_Directions_
Of all the lines below, return only those starting with the line holding "Elegantly designed living" and going on through the line holding "Man walking on", exactly as written.

_Material to process_
Segment Open
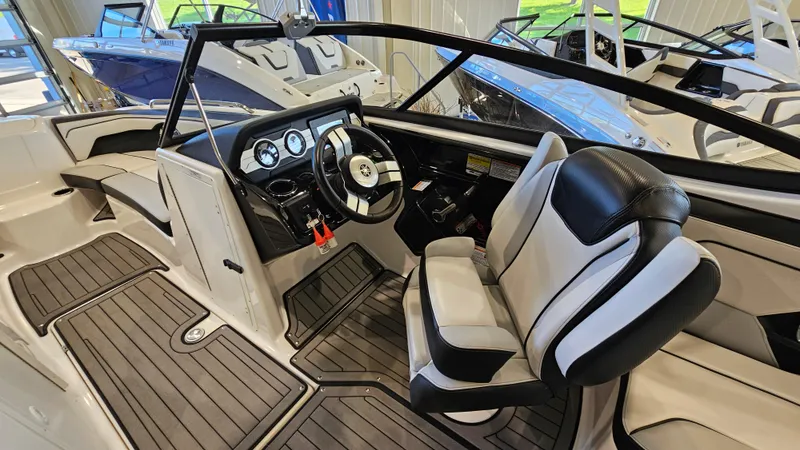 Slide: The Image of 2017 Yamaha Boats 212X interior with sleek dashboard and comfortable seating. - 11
Segment Closed
Segment Open
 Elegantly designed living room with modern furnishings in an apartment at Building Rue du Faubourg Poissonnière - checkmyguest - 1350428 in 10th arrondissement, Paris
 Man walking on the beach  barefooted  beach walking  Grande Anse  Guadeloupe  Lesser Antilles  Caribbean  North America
Segment Closed
_Answer to this task_
 Elegantly designed living room with modern furnishings in an apartment at Building Rue du Faubourg Poissonnière - checkmyguest - 1350428 in 10th arrondissement, Paris
 Man walking on the beach  barefooted  beach walking  Grande Anse  Guadeloupe  Lesser Antilles  Caribbean  North America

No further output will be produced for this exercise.